Fomos comer na casa da Ana, minha tia nos olhou disfarçadamente, a cara da Clara era descaradamente de uma mulher totalmente satisfeita sexualmente, além das atenções que minha mãe me dava.

À tarde, depois de um agradável papo pós-refeição, meu tio Jorge se ofereceu para nos levar até a estação. Pela janelinha do vagão, minha mãe me mandou um beijo colado no vidro.

Ao chegar em casa, uma surpresa nos esperava: na sala estavam sentadas minha tia Ana e a irmã mais nova dela, a Cris.
Ela se levantou rápido e beijou o Jorge, pra mim só disse um seco…

- Oi, sobrinho.

Fiquei parado, não esperava um cumprimento tão frio. Minha tia Ana também estranhou, quando olhei pra cara dela, notei que os olhos estavam meio vermelhos, parecia que tinha chorado.

Ficaram falando sobre tudo, especialmente sobre a gravidez. Depois de muito insistirem, ela ficou pra jantar, parecia que queria conversar, mas não comigo.

Já tarde, ela se levantou e disse que ia embora. Meu tio se ofereceu pra levar ela em casa, mas

Ana fez um sinal pra ele e disse…

- Manu, pode me fazer um favor? Dá pra acompanhar a Cris em casa? É que o Jorge precisa acordar cedo amanhã.

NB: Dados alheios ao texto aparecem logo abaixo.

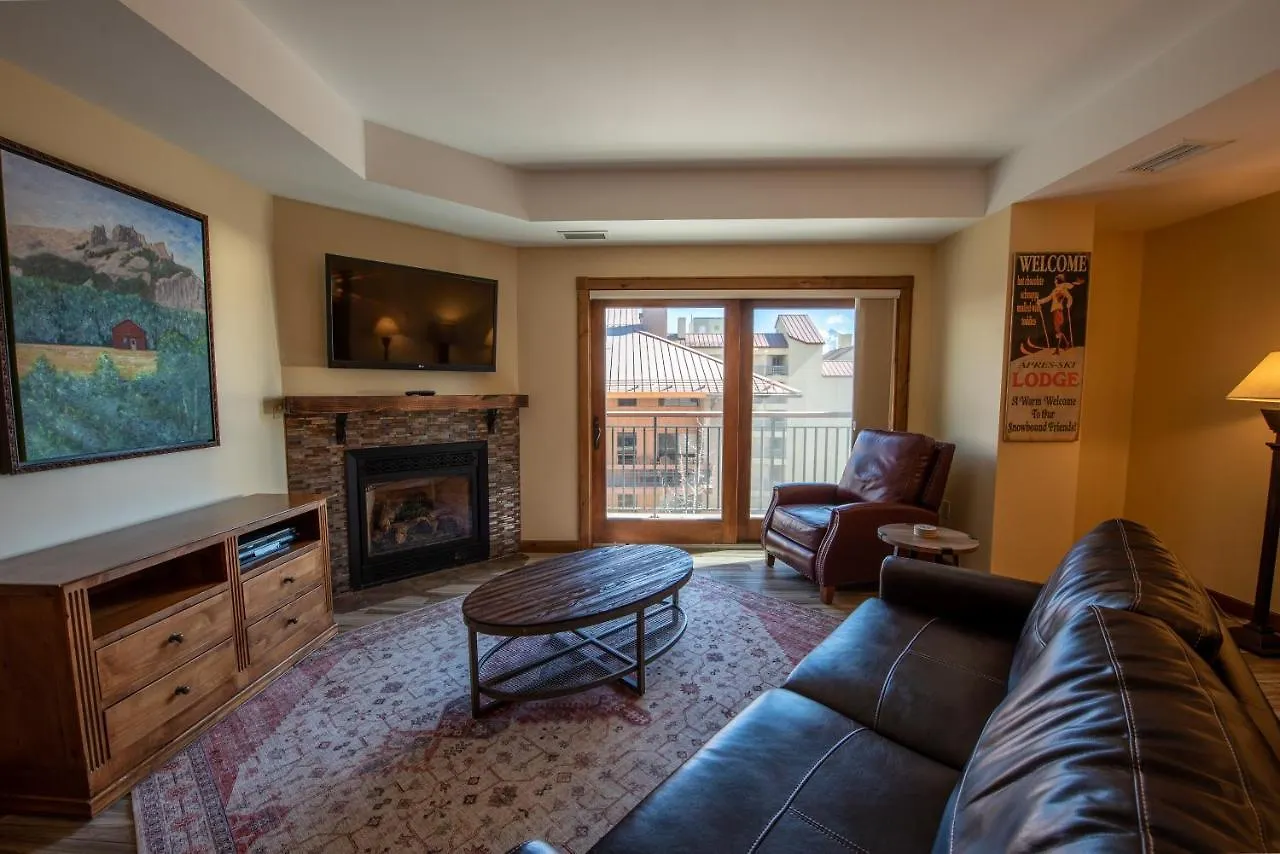 Apartment Beautifully Renovated Two Bedroom With A Balcony In Mountaineer Square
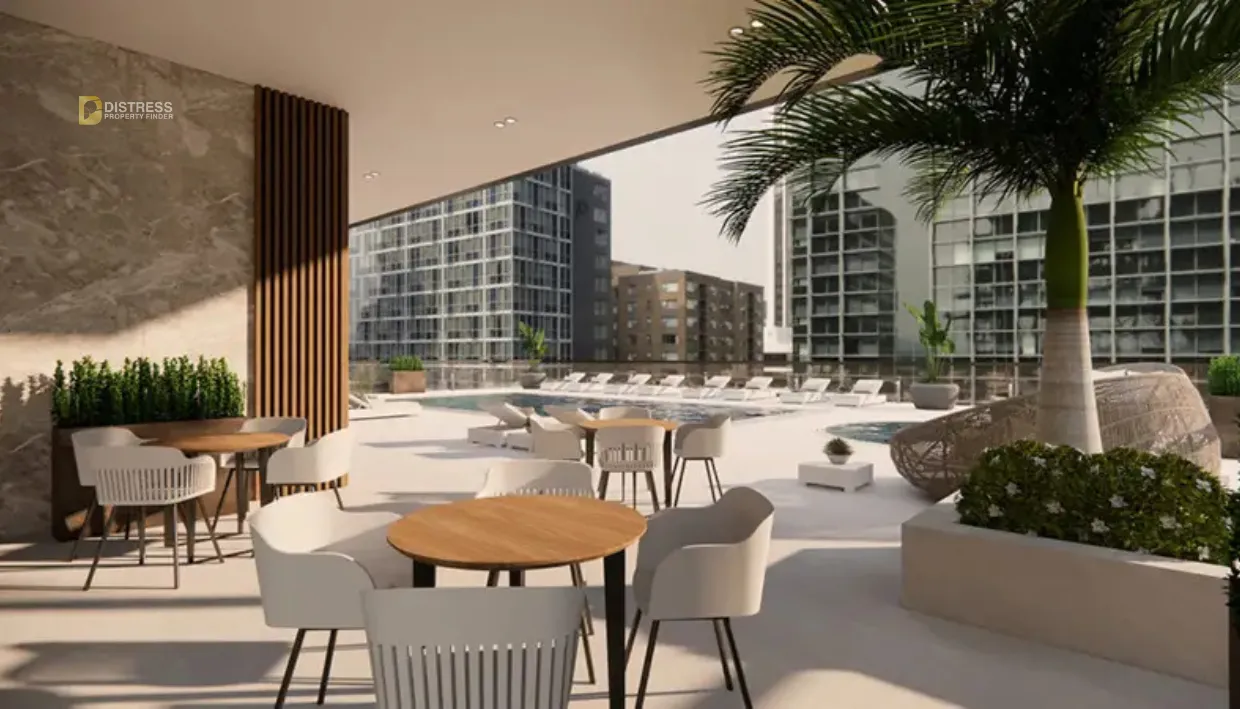 Royal Regency, Business Bay - fountain park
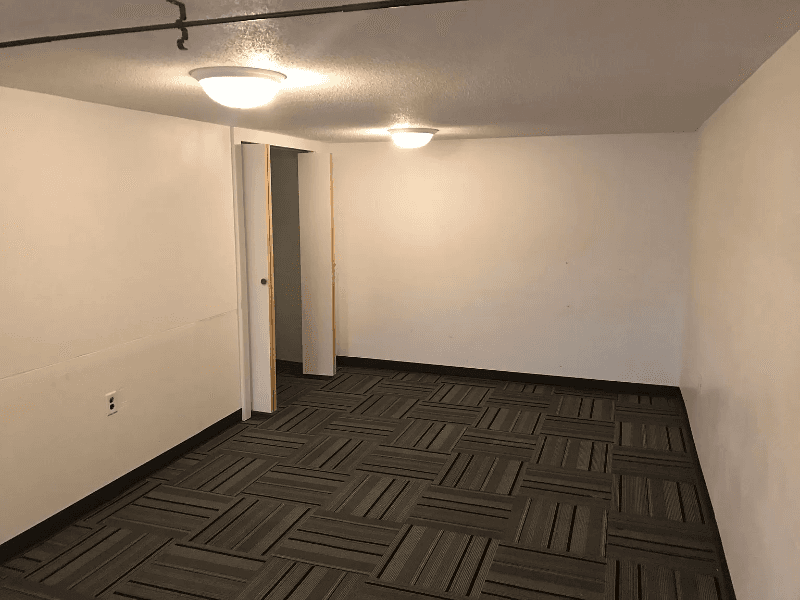 Hospers House: 303 Locust St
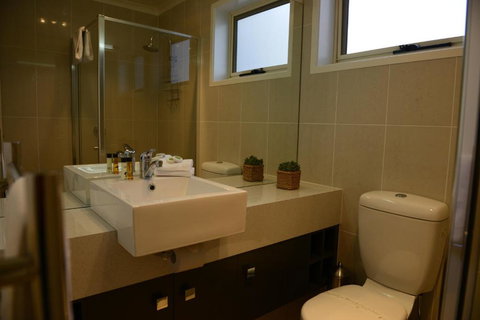 Skyline Best Executive Bendigo CBD Accommodation 2020 21 - Northern Rivers Accommodation 1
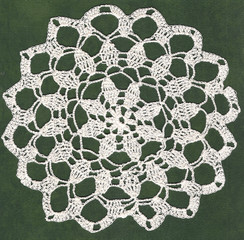 Rond en dentelle .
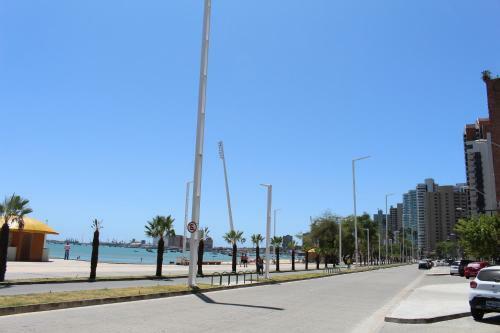 Apartamento 06 Flat Beira Mar Com Energia, Vaga, 3 Camas, Wi-fi E Ar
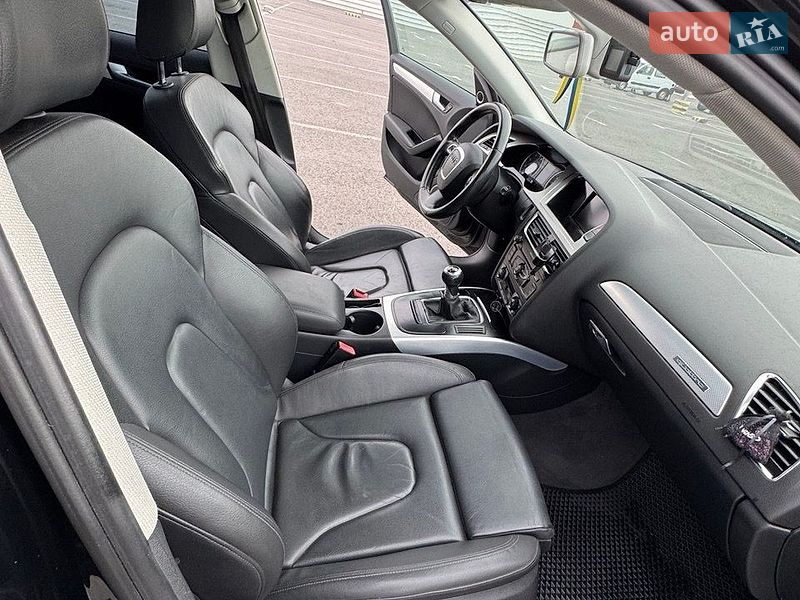 Седан Audi A4 2010 в Львові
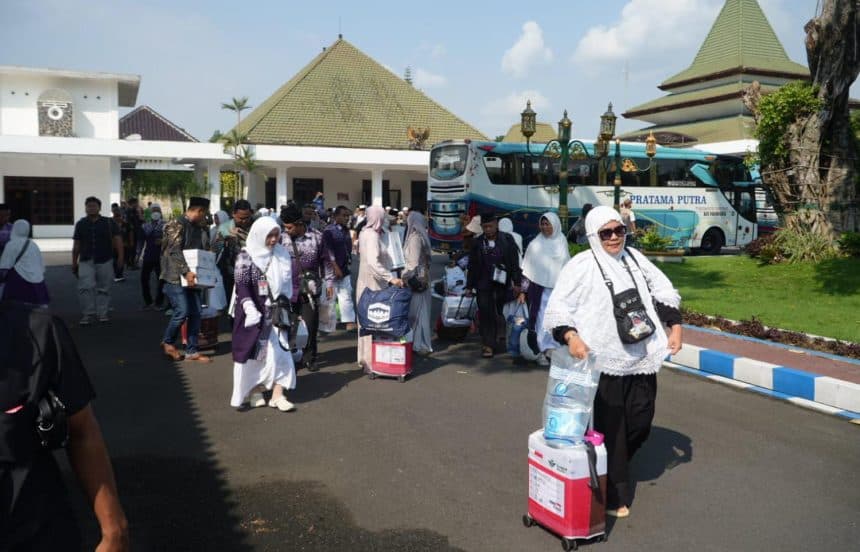 750 Jemaah Haji Jombang Tiba dari Tanah Suci, Dua Wafat di Makkah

- Claro, sem problemas, respondi.

Mesmo não estando muito convencido de que era uma boa ideia, saímos e, assim que chegamos na rua, pegamos um táxi. A Cris deu o endereço e saímos voando. Fomos cada um sentado colado nas janelas do carro, não falamos nada durante todo o trajeto. Quando chegamos na casa dela, a Cris começou a soluçar baixinho.

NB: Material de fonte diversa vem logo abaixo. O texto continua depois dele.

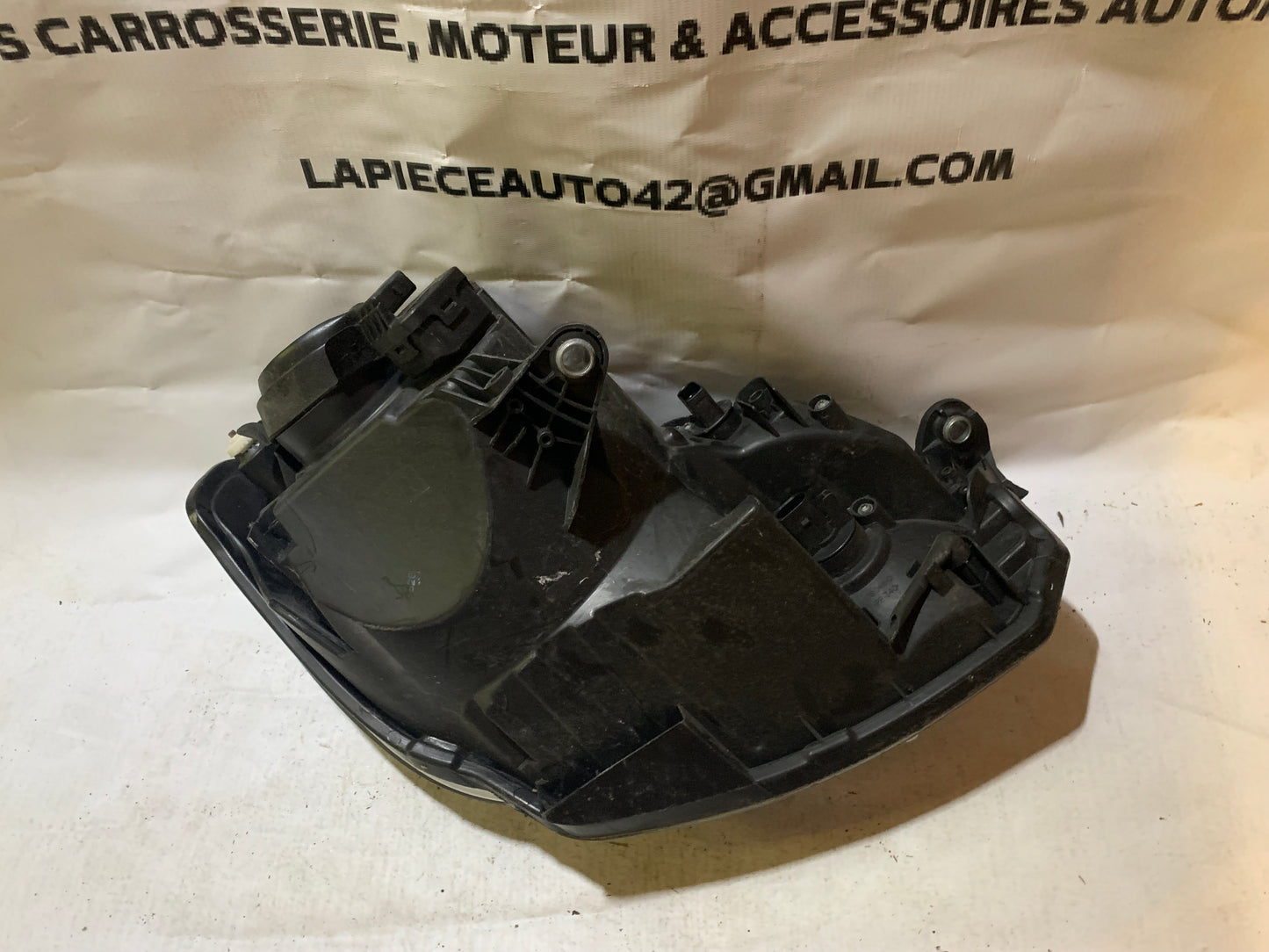 Phare avant gauche Volkswagen Up (1s)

Minha intenção era me despedir dela na portaria e voltar no mesmo táxi, mas fiquei preocupado e decidi acompanhá-la até em cima. Dispensei o táxi e coloquei o braço no ombro dela, ela me esquivou.

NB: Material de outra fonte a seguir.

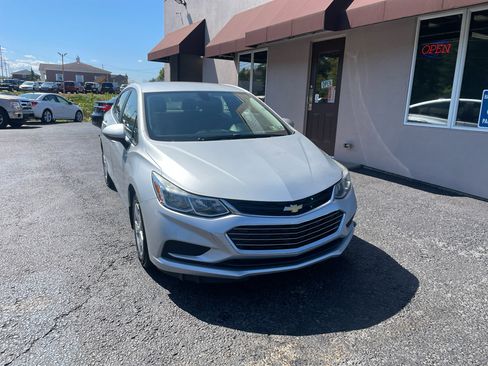 Used 2018 Chevrolet Cruze LS image 2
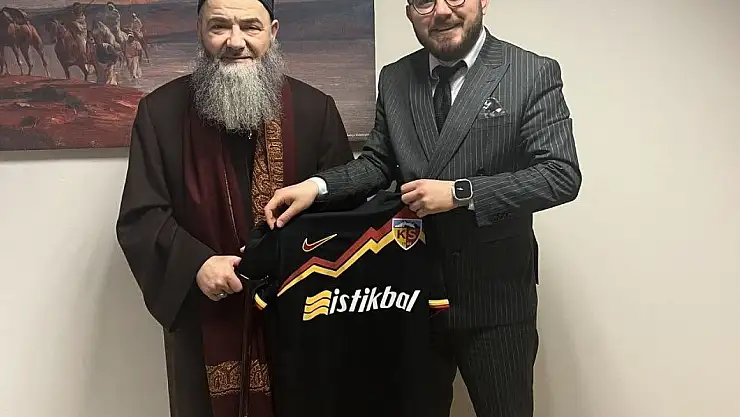 Cübbeli Ahmet Hoca hastaneye kaldırıldı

Mais por educação do que por vontade, ela me convidou pra entrar. Eu não sabia o que fazer, tava sem graça. No fim, ela me convidou pra sentar, eu sentei num lado do sofá, ela no outro. O clima era tenso e eu não sabia o que dizer, só olhava pra porta. Procurando qualquer desculpa pra voltar pra casa, por enquanto a Cris começou a chorar de novo, me deixou sem jeito, não sabia se consolava ela ou perguntava na cara se ela tinha algo contra mim.

Optei por me aproximar dela e, com um ar conciliador, peguei na mão dela. Ela num primeiro momento puxou, eu peguei de novo e falei…

- Mana Cris, o que que tu tem?

- Não me chama de mana, me faz sentir velha.

- Desculpa, Cris, mas me diz o que que tu tem, se é que tu tá puta comigo por alguma coisa, já peço desculpas agora, mas não fica assim.

- Não tô puta contigo, bom… tô sim, mas já nem sei se não é culpa minha também!

- Então o que foi que eu fiz de errado?

- É que eu sou um desastre, tudo acontece comigo e por acaso tu sempre tem algo a ver.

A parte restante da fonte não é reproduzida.